> **DATA EXCERPT**

************

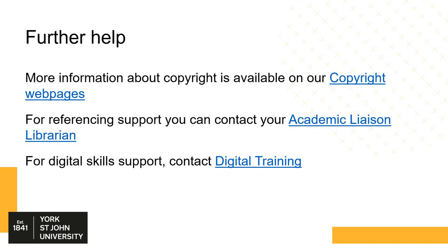For further information and help about copyright, please see our copyright web pages. For referencing support, you can contact your academic liaison librarian. And for digital skills support, you can contact Digital Learning. Thank you.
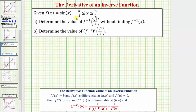We're given f of x equals sine x, where x is greater than or equal to negative pi divided by two and less than or equal to pi divided by two. For part A, we're asked to determine the value of f inverse of square root three divided by two without finding f inverse of x. And then for part B, we're asked to determine the value of f inverse prime of square root three divided by two, or the derivative of f inverse at x equals square root three divided by two.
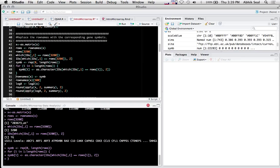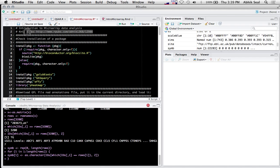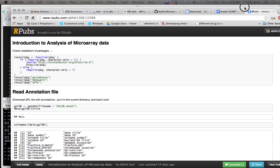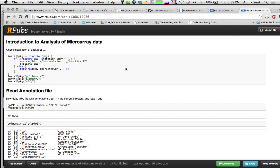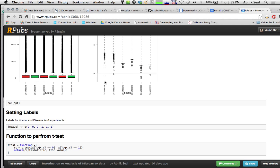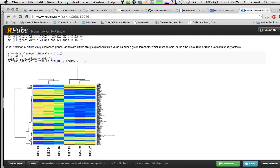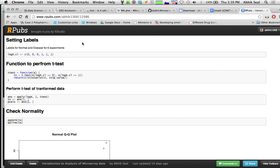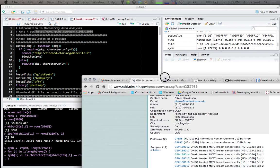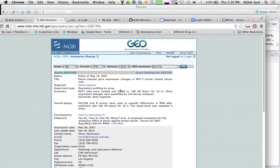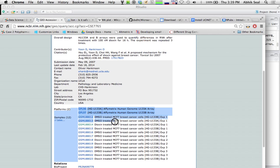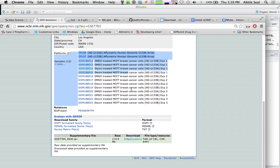Meanwhile, I'll show you the RPUB website where you can get the whole analysis of differential expression. The GEO file is located here where you'll see 12 samples. They've mentioned which are DMSO-treated controls and which are dioxin-treated. You'll also find this soft file which has the annotation.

************

> **EXERCISE**
Everything above should be given again exactly, apart from the pictures.

> **WRITTEN REPLY**
For further information and help about copyright, please see our copyright web pages. For referencing support, you can contact your academic liaison librarian. And for digital skills support, you can contact Digital Learning. Thank you.
We're given f of x equals sine x, where x is greater than or equal to negative pi divided by two and less than or equal to pi divided by two. For part A, we're asked to determine the value of f inverse of square root three divided by two without finding f inverse of x. And then for part B, we're asked to determine the value of f inverse prime of square root three divided by two, or the derivative of f inverse at x equals square root three divided by two.
Meanwhile, I'll show you the RPUB website where you can get the whole analysis of differential expression. The GEO file is located here where you'll see 12 samples. They've mentioned which are DMSO-treated controls and which are dioxin-treated. You'll also find this soft file which has the annotation.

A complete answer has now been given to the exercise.